(RECORDS Opens)
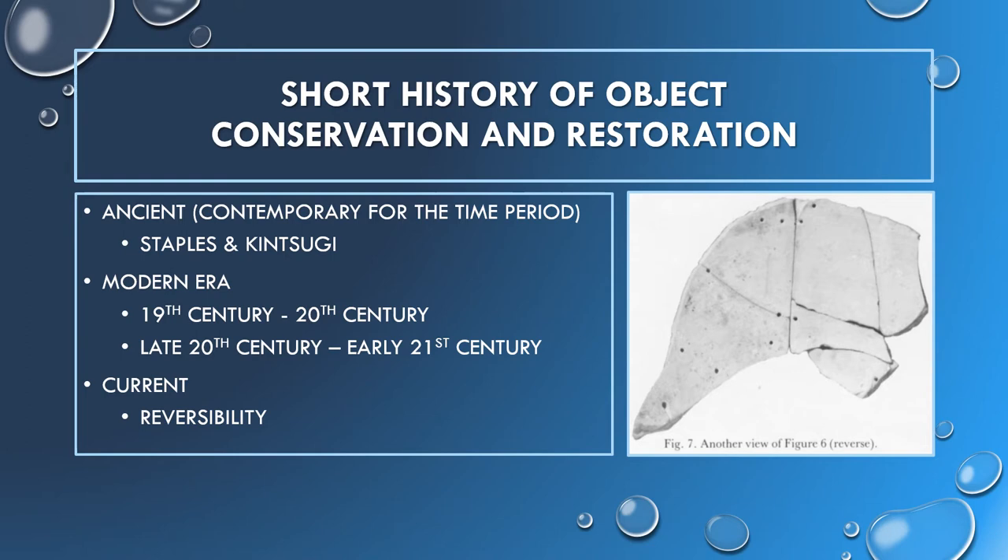During the 20th century, ceramic restoration developed as a serious discipline and in the 1960s there was a boom of how-to manuals. Around this time, reversibility started to be a standard and the stronger adhesives and fill materials began to become less acceptable in the 21st century. Shellac and plaster fell out of use and polyresins, calcium sulfates, and modeling putties became common. These materials support the stability of the object and are reversible.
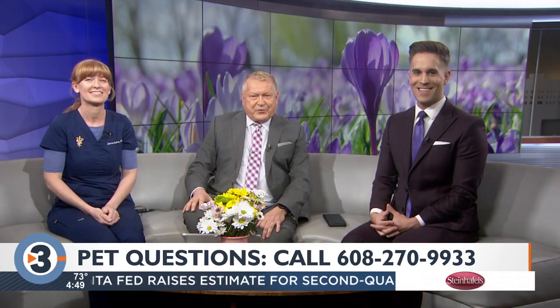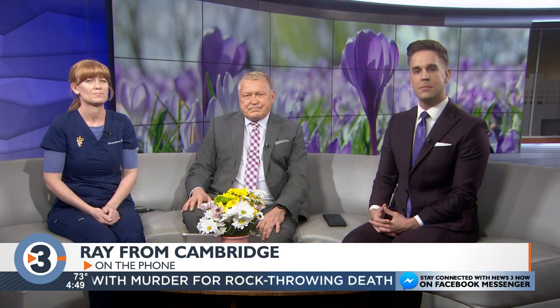Let's go to Ray in Cambridge. Hi Ray, what's your question? I have a 14-year-old mix, and he has skin problems. He has what looks like pimples, but they don't exude anything. He has flaky skin, and he's always nibbling here and scratching there.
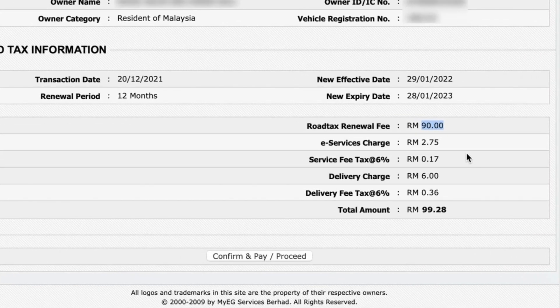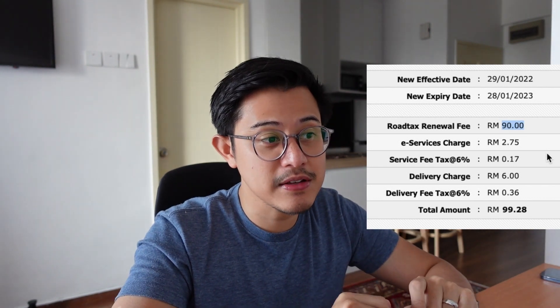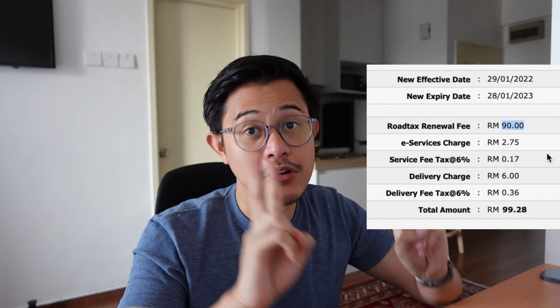I drive a 1.5 litre Perodua Myvi, so my road tax renewal fee is 90 ringgit. However, there are a lot of extra charges on the MyEG website that I find quite ridiculous. There's an e-services charge of 2 ringgit 75 — why is there an e-service charge for 2 ringgit 75? On top of that, you pay SST on the e-service charge, which is another 17 cents. Then there's a delivery charge for one piece of road tax — 6 ringgit. And on top of that, you pay another delivery fee tax of 36 cents. This brings the total from 90 ringgit all the way up to 99.28 ringgit — almost a 10% increase just in extra fees.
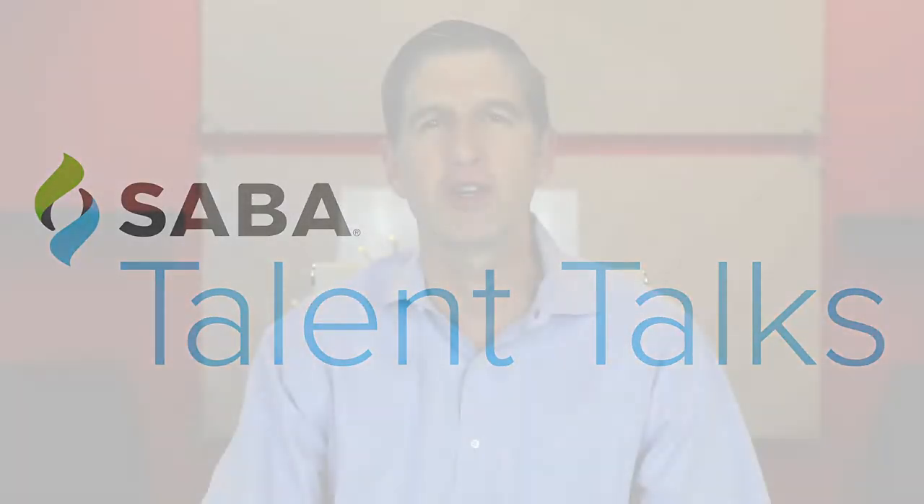Hey everybody, welcome to Talent Talks, brought to you by the good folks at Saba Software — the only series dedicated to making your managers and people better coaches. I'm Chris Dunn, CHRO at Kinetics, based out of Atlanta, doing work nationally.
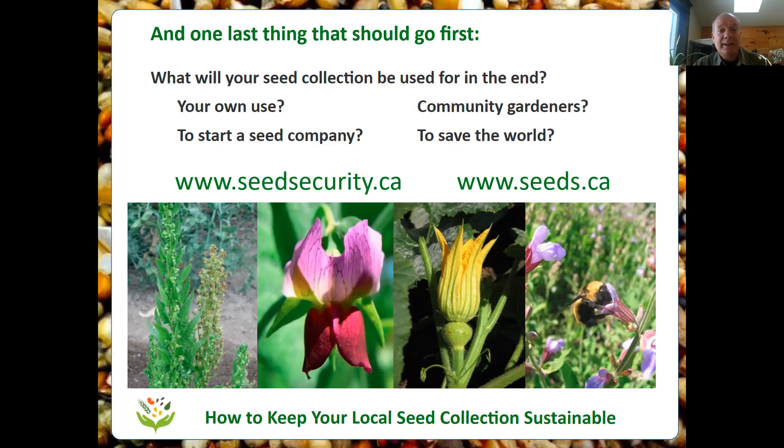There are two websites with lots more information. Seedsecurity.ca is the website of a Canadian seed security initiative dedicated to improving the quality, quantity, and diversity of seeds in Canada — there are lots of resources there for managing a seed collection or starting a seed company. And seeds.ca is Seeds of Diversity's website, where you'll find information about webinars like this, Seedy Saturday events, our seed exchange, our seed collection, and general information on how to save seeds. Thank you all very much — it's been a real pleasure. Have a good day.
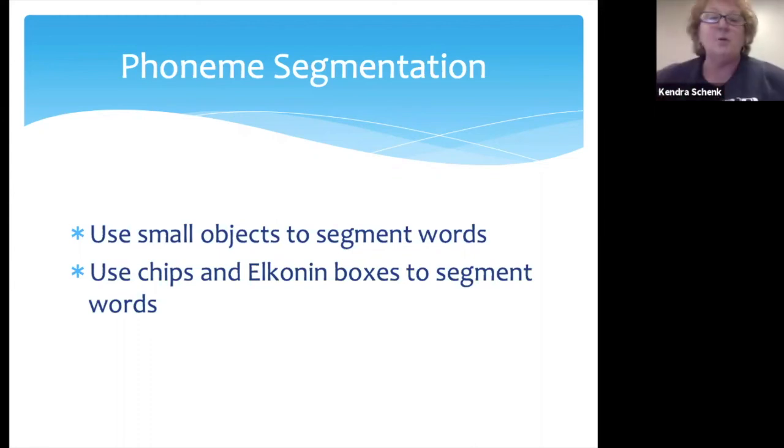A step further is when you actually start using print with this, pairing phonological and phonemic awareness activities with print. This is a great thing to do with spelling. You say: what was the first sound? How would you write that? They write P. What's the second sound? They write O. Third sound N, write it. Last sound D, write it. And they're learning to spell the words. But for this activity, we never associate print with it.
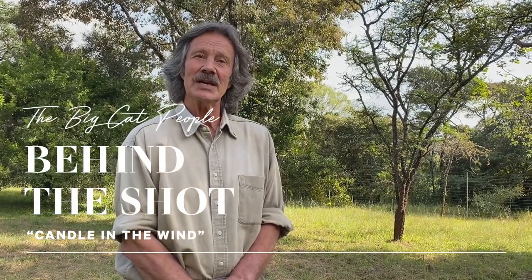Hi everybody, it's Jonathan Scott of The Big Cat People talking to you from my home here in Nairobi — behind the camera, Angela Scott. Today I want to share with you a picture, because every month we're going to introduce a new image, a limited edition print in our fine art gallery.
(RECORDS Closes)
» WORK REQUIRED:
Nothing but the text of the listing should be set down, exactly, with the pictures left behind.

» FINISHED TASK:
During the 20th century, ceramic restoration developed as a serious discipline and in the 1960s there was a boom of how-to manuals. Around this time, reversibility started to be a standard and the stronger adhesives and fill materials began to become less acceptable in the 21st century. Shellac and plaster fell out of use and polyresins, calcium sulfates, and modeling putties became common. These materials support the stability of the object and are reversible.
Let's go to Ray in Cambridge. Hi Ray, what's your question? I have a 14-year-old mix, and he has skin problems. He has what looks like pimples, but they don't exude anything. He has flaky skin, and he's always nibbling here and scratching there.
I drive a 1.5 litre Perodua Myvi, so my road tax renewal fee is 90 ringgit. However, there are a lot of extra charges on the MyEG website that I find quite ridiculous. There's an e-services charge of 2 ringgit 75 — why is there an e-service charge for 2 ringgit 75? On top of that, you pay SST on the e-service charge, which is another 17 cents. Then there's a delivery charge for one piece of road tax — 6 ringgit. And on top of that, you pay another delivery fee tax of 36 cents. This brings the total from 90 ringgit all the way up to 99.28 ringgit — almost a 10% increase just in extra fees.
Hey everybody, welcome to Talent Talks, brought to you by the good folks at Saba Software — the only series dedicated to making your managers and people better coaches. I'm Chris Dunn, CHRO at Kinetics, based out of Atlanta, doing work nationally.
There are two websites with lots more information. Seedsecurity.ca is the website of a Canadian seed security initiative dedicated to improving the quality, quantity, and diversity of seeds in Canada — there are lots of resources there for managing a seed collection or starting a seed company. And seeds.ca is Seeds of Diversity's website, where you'll find information about webinars like this, Seedy Saturday events, our seed exchange, our seed collection, and general information on how to save seeds. Thank you all very much — it's been a real pleasure. Have a good day.
A step further is when you actually start using print with this, pairing phonological and phonemic awareness activities with print. This is a great thing to do with spelling. You say: what was the first sound? How would you write that? They write P. What's the second sound? They write O. Third sound N, write it. Last sound D, write it. And they're learning to spell the words. But for this activity, we never associate print with it.
Hi everybody, it's Jonathan Scott of The Big Cat People talking to you from my home here in Nairobi — behind the camera, Angela Scott. Today I want to share with you a picture, because every month we're going to introduce a new image, a limited edition print in our fine art gallery.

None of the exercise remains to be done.